3.1 Judenpolitik unter dem Großen Kürfürsten
3.2 Der erste preußische König und seine Ansicht von Politik bezüglich der Juden
3.3 Verschärfung der Judenpolitik unter Friedrich Wilhelm I.
3.4 Friedrich II.- weitere Einschränkungen der jüdischen Bevölkerung
4. Wohlhabende Hofjuden, gebildete Juden und Aufklärer- die Wegbereiter des modernen Judentums
5. Zusammenfassung
1. Hinführung zum Thema:
Im Laufe unserer Geschichte hat die jüdische Bevölkerung wie kaum ein anderes religiöses Volk auf der Welt, immer wieder den Hass von Mitmenschen zu spüren bekommen. Ob es in Palästina war oder auch in Europa zur Zeit des Mittelalters bis hin zum Dritten Reich, es gab überall Vertreibungen, Diskriminierung, Unterdrückung oder sogar Ermordungen des jüdischen Volkes. Auch heute noch gibt es furchtbare Kämpfe zwischen Juden und anderen religiösen Völkern, man braucht nur den Blick nach Israel wenden. Der Hamas Sprecher Abu Zuhari äußerte zum Beispiel am 17.12.2004 Ziel sei es: „Jerusalem mit dem Schwert Mohammeds zu erobern , so dass kein Jude in ganz Palästina mehr am Leben bleibt, um mit den abgeschlagenen Köpfen der Juden eine Pyramide über Arafats Grab zu errichten.“1 Dieses Zitat, das aus dem Jahre 2004 stammt erinnert eher an Kriegsverwüstungen des Mittelalters oder der frühen Neuzeit, als Leichen in Städten und Dörfern aufeinander gestapelt wurden, um den Feind abzuschrecken. Auch Preußen wurde als Militärstaat bezeichnet, der grausame Kriege führte z.B. gegen Frankreich oder Schlesien. Die Frage stellt sich also wie man sich in Brandenburg- Preußen gegenüber anderen Religionen, speziell dem Judentum, verhalten hat.

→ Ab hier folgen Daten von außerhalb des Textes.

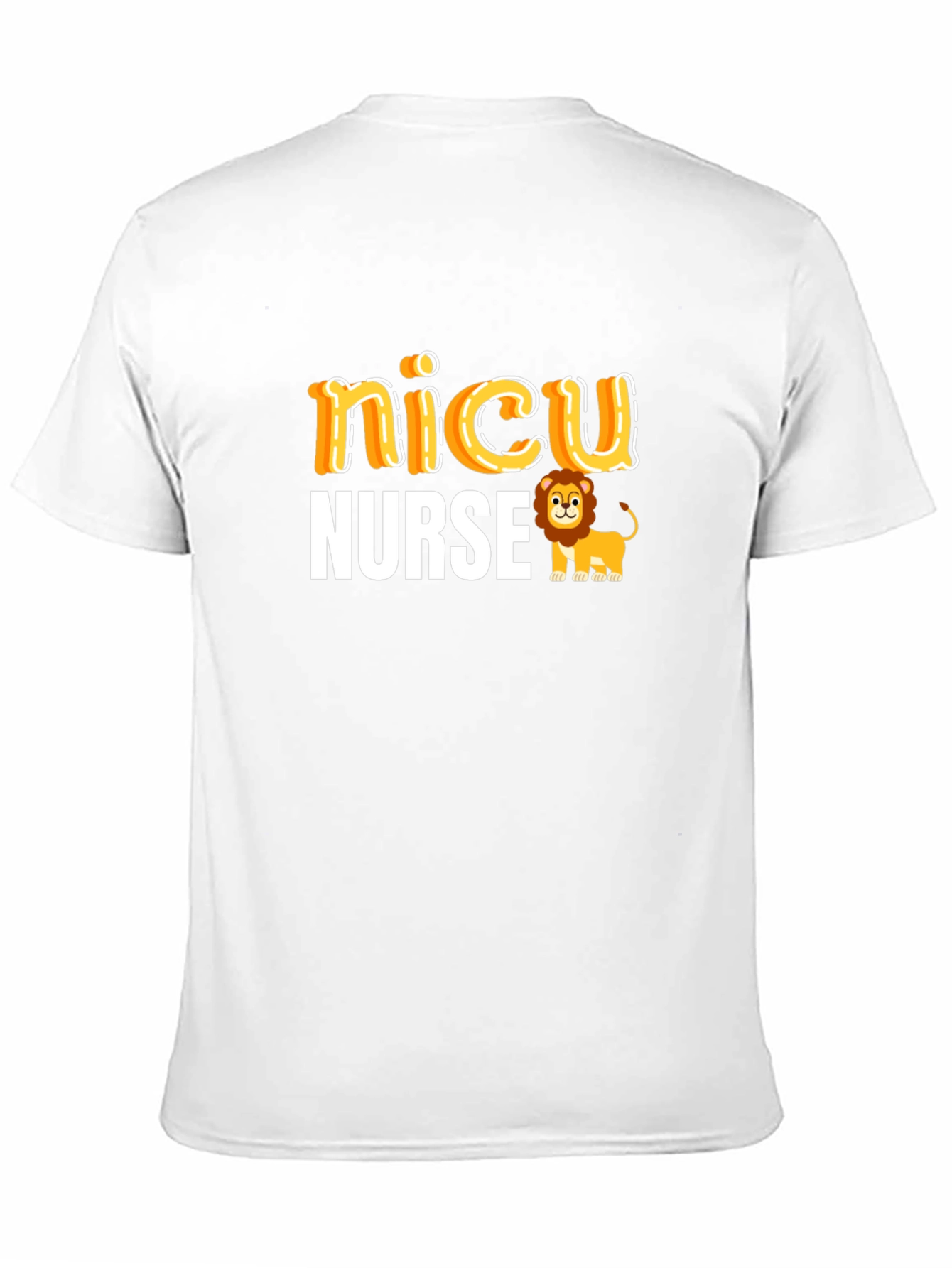NICU Nurse Lion Graphic T-Shirt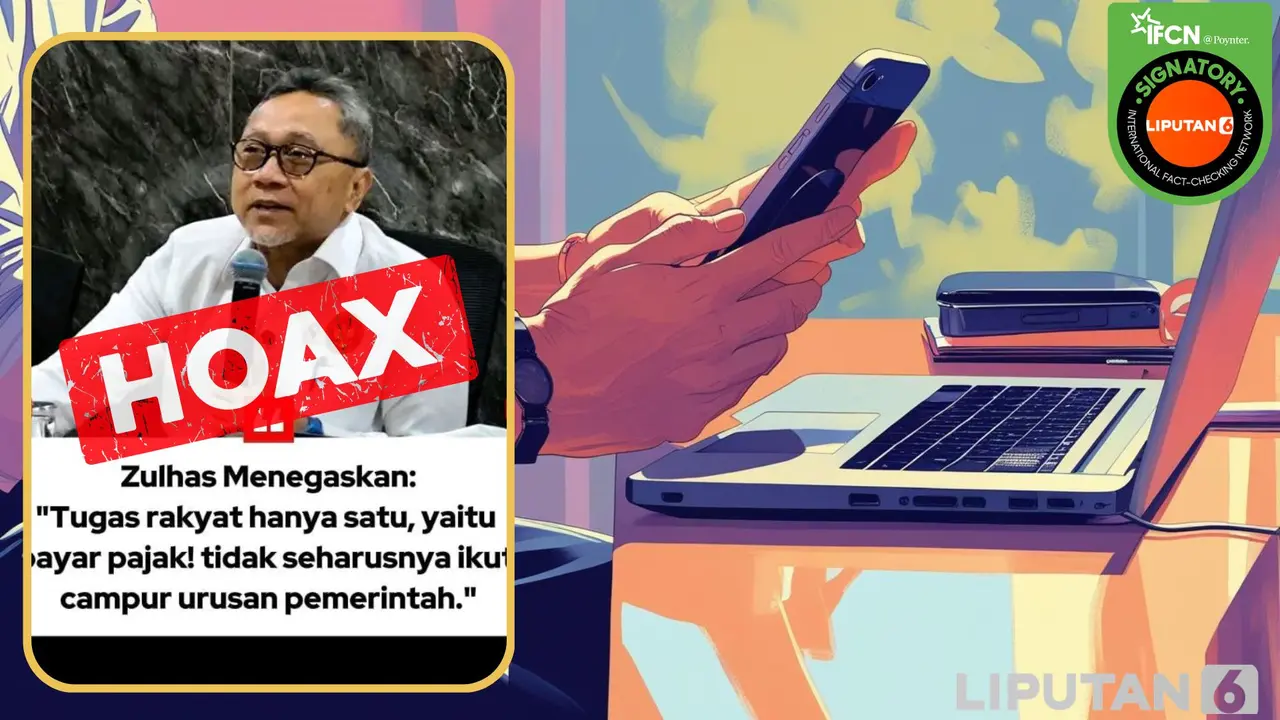 Hoaks Zulhas sebut tugas rakyat hanya bayar pajak hasil penelusuran Cek Fakta Liputan6.com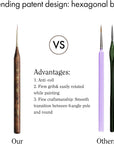 Artify Extreme Detail Paint Brushes, Miniature Paint Brushes for Models, 10Pcs Small Paint Brushes with a Handbag, Miniature Brushes for Fine Detailing - Acrylic, Watercolor,Oil,Models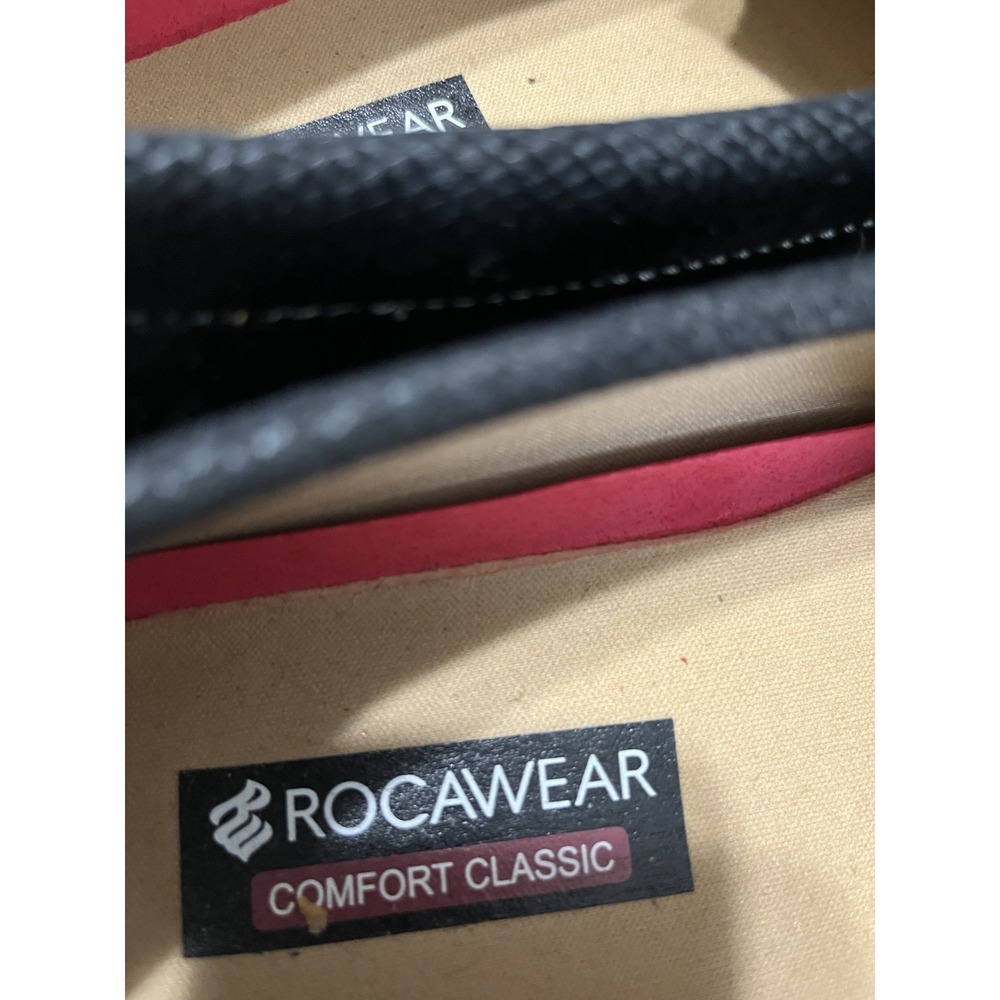 Rocawear Dwight Classic Linen Slip-On Loafers Black Men's 10.5 w. Gold tone logo - Picture 5 of 6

Diese Ausarbeitung wird Aufschluss darüber geben, warum viele Juden Anfang des 17.Jahrhunderts nach Brandenburg- Preußen siedelten, wie die preußische Toleranz im Gegensatz zu anderen Staaten aussah und warum es gerade für Brandenburg- Preußen wichtig war jüdische Bevölkerung ins Land zu holen. Des Weiteren wird geklärt, warum auch in diesem Staat Ausrufe von Diskriminierung und Verfolgung laut wurden und welch unterschiedliche Meinungen der Hof und das einfache Volk gegenüber der jüdischen Bevölkerung besaßen.

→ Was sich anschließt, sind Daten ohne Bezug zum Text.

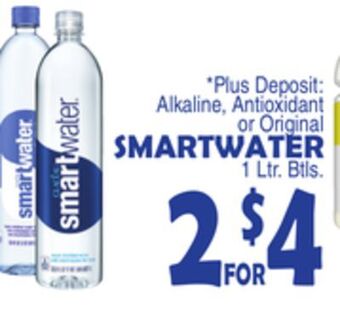 Bravo Supermarkets Smartwater offer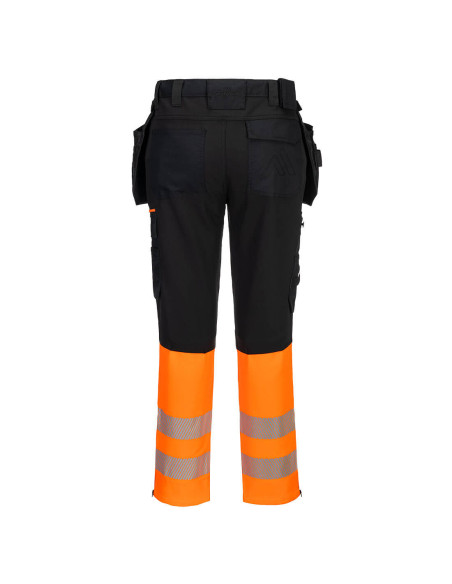 Spodnie ostrzegawcze DX4 Portwest klasa 1 z kieszeniami kaburowymi DX457 | ToSafe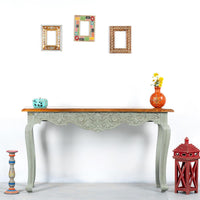 Solid Wood Console Table for Living Room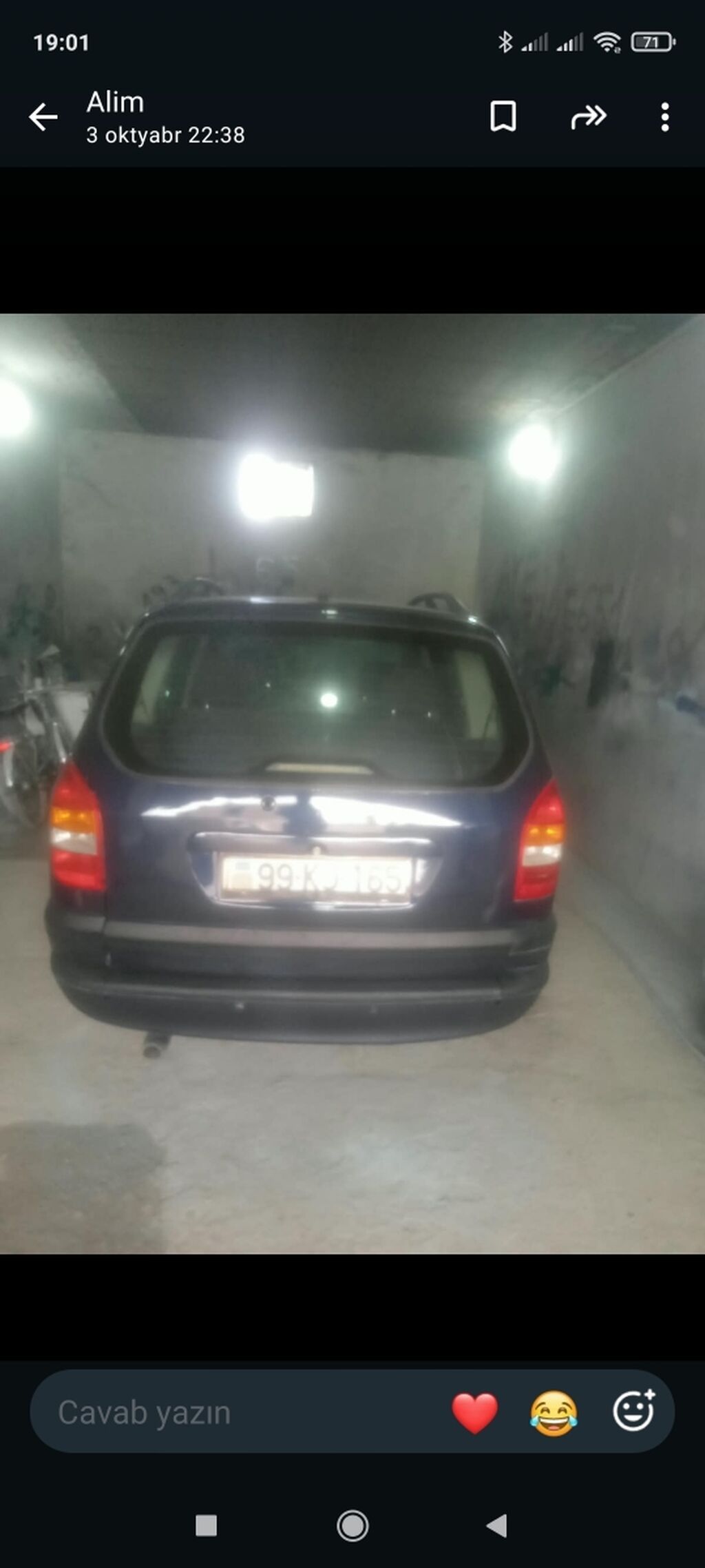 Opel Zafira – 1999, qara rəng, miniven/geniş salon Xüsusiyyətlər 99-KJ-165 — Avtomobillər, Digah (9)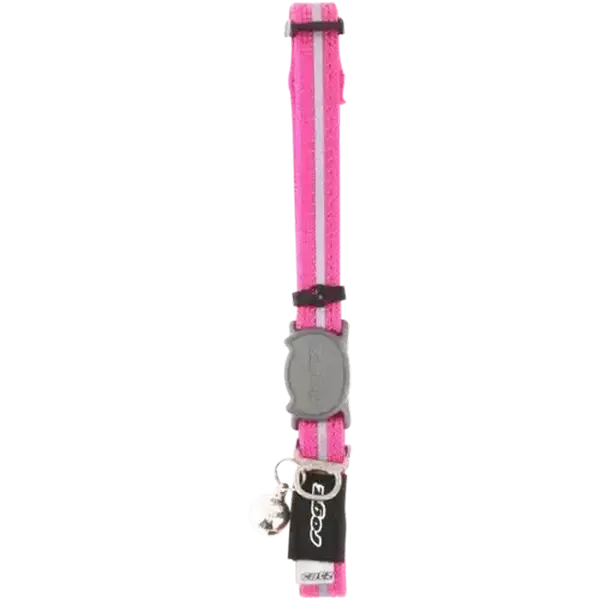Rogz Small Pink Reflective Cat Collar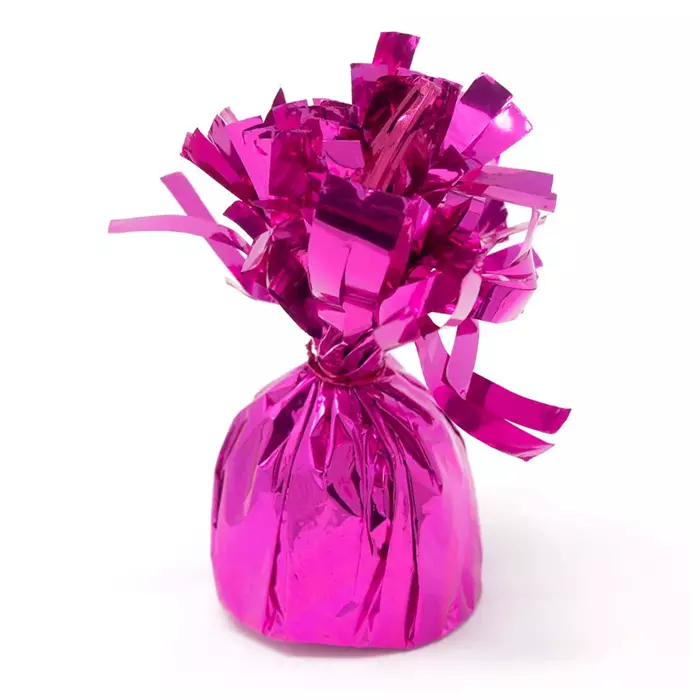 Ballongvekt tinsel satin magenta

Am Schluss soll noch ein kurzer Einblick ins 19.Jahrhundert folgen, aus dem hervorgehen soll, wie sich die Situation der Juden, aufgrund von Reformen zu Anfang dieser Zeit anfing zu verbessern, nicht nur im Bezug auf Preußen. Werke, die sich intensiv mit der Geschichte der Juden im 17. und 18. Jahrhundert befasst haben, sind zum Beispiel die verschiedenen Bände von Selma Stern oder die Ausgabe des Bildarchivs Preußischen Kulturbesitzes. Auch an- dere Autoren wie Peter Freimark oder Erika Herzfeld beschäftigten sich mit dem jüdischen Volk zu dieser Zeit. Der aktuelle Forschungsstand gewährt kaum neue Einblicke, als die, die Selma Stern oder die anderen Autoren in ihren Abhandlungen schon seit Anfang des 20. Jahrhunderts darlegten. Die Wissenschaftler sind sich beim Thema der Juden von Brandenburg- Preußen im allgemeinen recht einig, so findet man oft ähnliche Formulierungen oder sogar Zitate des anderen Autoren.
Diese Ausarbeitung stützt sich somit auf die verschiedenen Werke, musste aber, aufgrund der Vielzahl an historischen Faktoren, auf die Geschichte der Juden in Brandenburg- Preußen des 17.- und 18. Jahrhunderts beschränkt werden.
2. Kurze Vorgeschichte
Die jüdische Bevölkerung verlor ihre staatliche Existenz durch die Zerstörung des Staates Judäa durch die Römer im Jahre 70 n.Chr. Von nun an begann für die Juden ein Leben im Exil und sie siedelten verstreut über die Länder des damaligen römischen Imperiums.2 Die Juden in Europa führten ein Leben an der Seite katholischer oder später auch protestantischer Herrscher und waren größtenteils deren Willkür unterworfen. Die größte Judenfeindlichkeit und Willkür durch das Christentum lässt sich anhand der Kreuzzüge belegen, in denen Kreuzritter auf den Weg in die heilige Stadt besonders jüdische Ansiedlungen oder generell Gemeinden Andersgläubiger niedermetzelten und grausame Blutbäder anrichteten.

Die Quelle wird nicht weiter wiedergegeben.